**Entries taken from a collection**
---

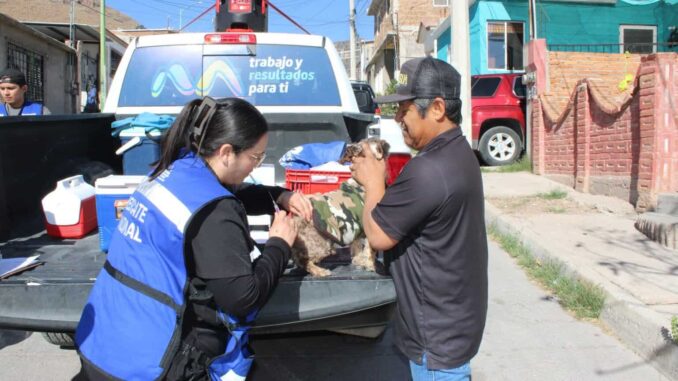 avanza-municipio-en-la-proteccion-animal-con-jornadas-de-vacunacion-en-colonias-de-la-capital.jpeg Avanza Municipio en la protección animal con jornadas de vacunación en colonias de la capital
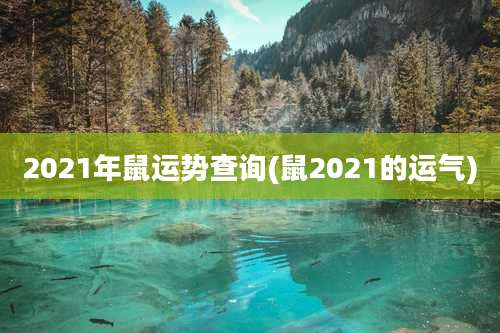 2021年鼠运势查询(鼠2021的运气)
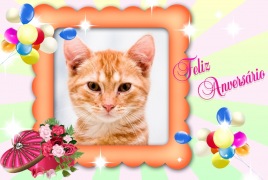 Moldura - Feliz Aniversario Baloes E Flores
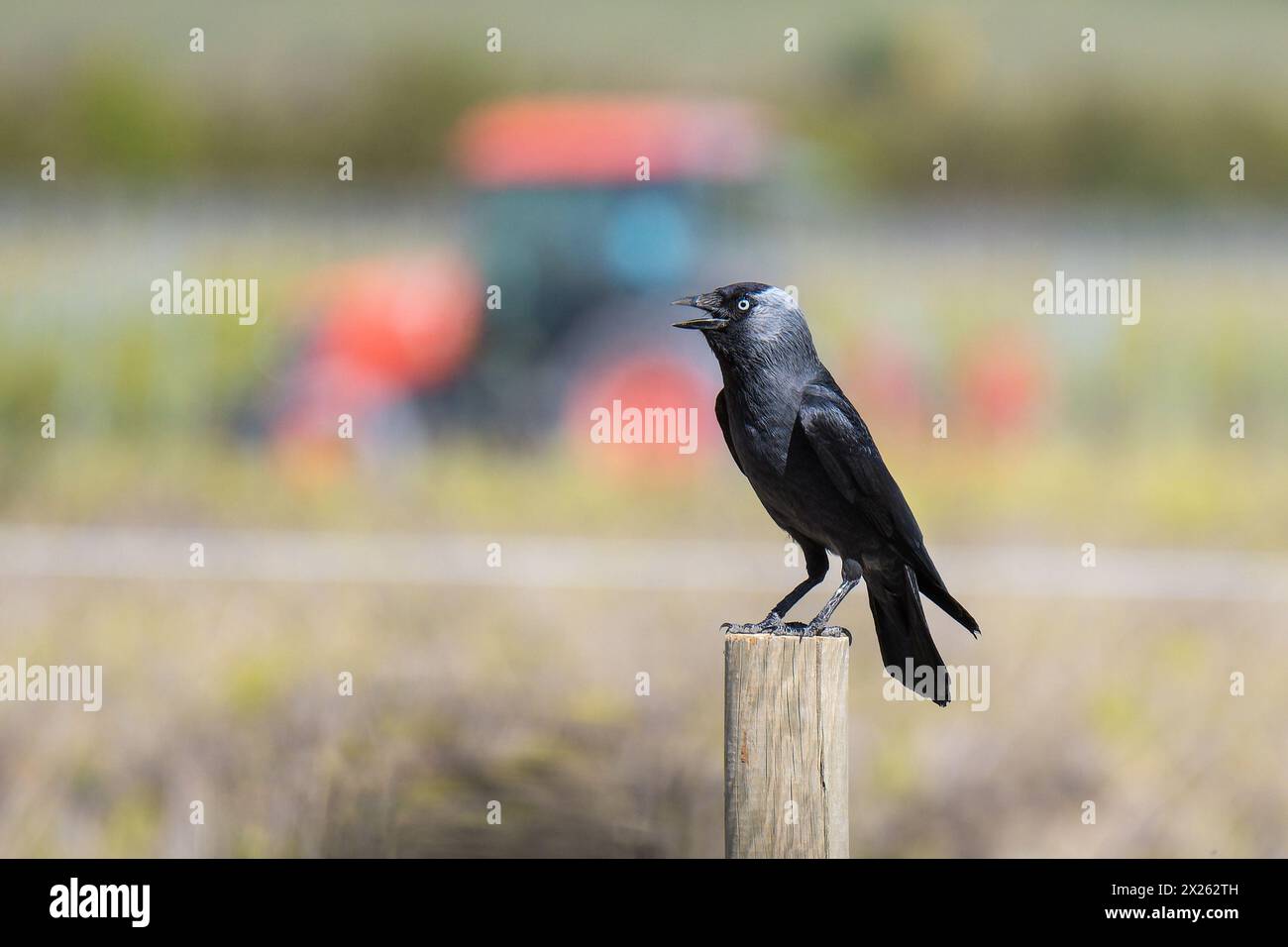 Westliche Jackdaw auf einem Feld mit einem Farmtraktor im Hintergrund Stockfoto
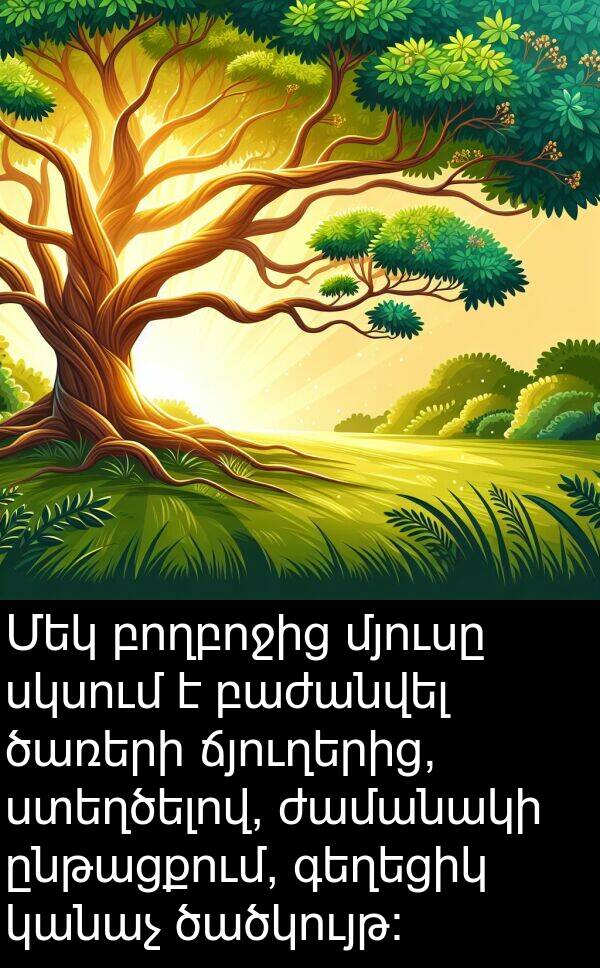 բողբոջից: Մեկ բողբոջից մյուսը սկսում է բաժանվել ծառերի ճյուղերից, ստեղծելով, ժամանակի ընթացքում, գեղեցիկ կանաչ ծածկույթ։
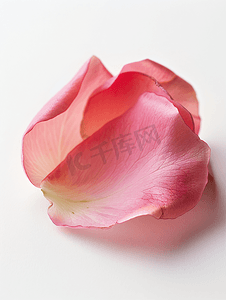 白色背景下的粉红玫瑰花瓣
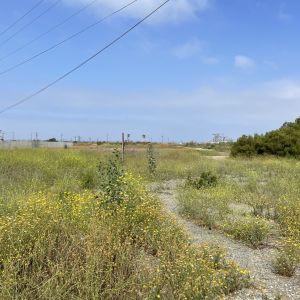 Newport Mesa Unified School District Land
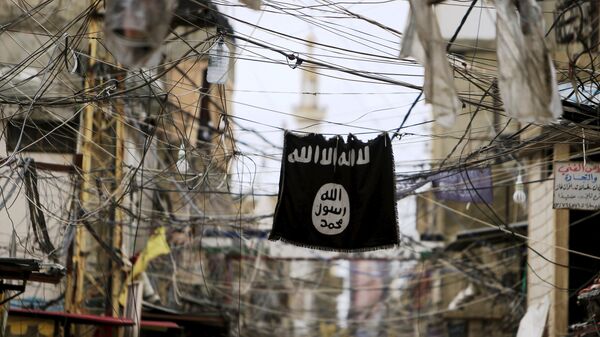 Elektrik tellerinden sarkan bir IŞİD bayrağı. - Sputnik Türkiye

---

Repeat the data in full, exactly as it stands, but drop every picture.

**Response box**
 avanza-municipio-en-la-proteccion-animal-con-jornadas-de-vacunacion-en-colonias-de-la-capital.jpeg Avanza Municipio en la protección animal con jornadas de vacunación en colonias de la capital
 2021年鼠运势查询(鼠2021的运气)
 Moldura - Feliz Aniversario Baloes E Flores
 Westliche Jackdaw auf einem Feld mit einem Farmtraktor im Hintergrund Stockfoto
 բողբոջից: Մեկ բողբոջից մյուսը սկսում է բաժանվել ծառերի ճյուղերից, ստեղծելով, ժամանակի ընթացքում, գեղեցիկ կանաչ ծածկույթ։
 白色背景下的粉红玫瑰花瓣
 Newport Mesa Unified School District Land
 Elektrik tellerinden sarkan bir IŞİD bayrağı. - Sputnik Türkiye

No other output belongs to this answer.